Yafei Yang, Zihui Zhang, Bo Yang
We study the challenging problem of unsupervised multi-object segmentation on single images.
In this paper, we introduce unMORE, a novel two-stage pipeline designed to identify many complex objects in real-world images. The key to our approach involves explicitly learning three levels of carefully defined object-centric representations in the first stage. Subsequently, our multi-object reasoning module utilizes these learned object priors to discover multiple objects in the second stage.
- Linux or macOS with Python ≥ 3.8
- PyTorch ≥ 1.13.1 and torchvision that matches the PyTorch installation. Install them together at pytorch.org to make sure of this. Note, please check PyTorch version matches that is required by Detectron2.
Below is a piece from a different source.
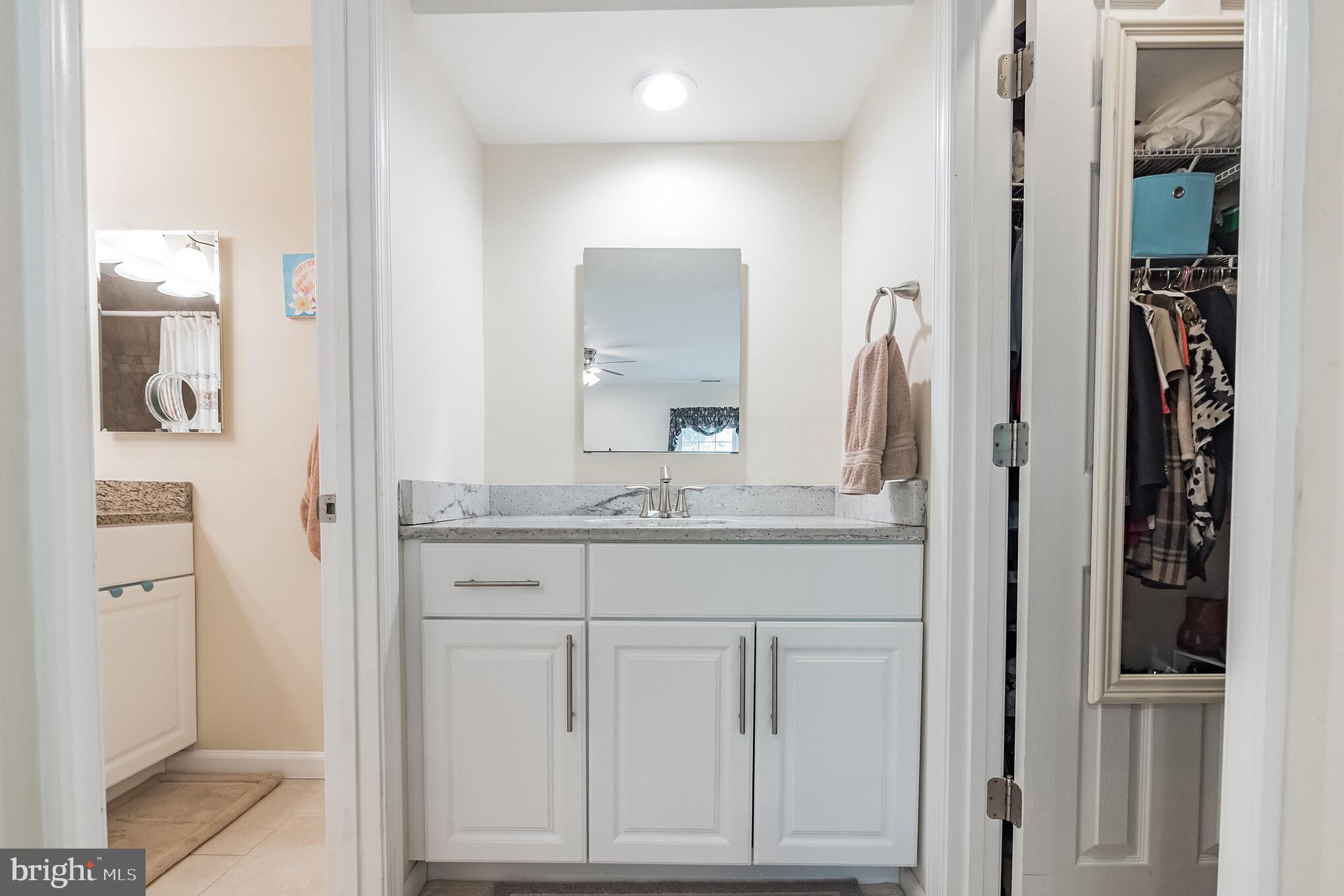 9852 Dellcastle Road Gaithersburg, MD 20886 - Photo 19 of 33 Master Bath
- Detectron2: follow Detectron2 installation instructions.
Example conda environment setup:
conda create --name unMORE python=3.8 -y
conda activate unMORE
pip install torch==1.13.1+cu117 torchvision==0.14.1+cu117 torchaudio==0.13.1 --extra-index-url https://download.pytorch.org/whl/cu117
### install Detectron2 under your working directory
git clone [email protected]:facebookresearch/detectron2.git
cd detectron2
pip install -e .
cd unMORE
pip install -r requirements.txt
-
ImageNet-1K (ILSVRC) can be downloaded from here.
-
Pseudo labels for ImageNet-1K generated by VoteCut can be downloaded: VoteCut ImageNet-train.
-
Use
utils/preprocess_votecut.py
to select the top-1 prediction (highest votecut confidence score) for each ImageNet image.
The data structure should look like this:
imagenet/
train/
n01440764/*.JPEG
n01443537/*.JPEG
...
annotations/
imagenet_train_votecut_kmax_3_tuam_0.2.json # generated by VoteCut
masks_top1_single_component/
n01440764/*.png
n01443537/*.png
...
Download COCO 2017 from here. The expected structure is:
coco/
annotations/
instances_{train,val}2017.json
coco20k_trainval_gt.json
coco_cls_agnostic_instances_val2017.json
lvis1.0_cocofied_val_cls_agnostic.json
{train,val}2017/
000000000139.jpg
000000000285.jpg
...
train2014/
COCO_train2014_000000581921.jpg
COCO_train2014_000000581909.jpg
...
You can directly download COCO-style class-agnostic official annotations from here: coco val, coco20k, lvis.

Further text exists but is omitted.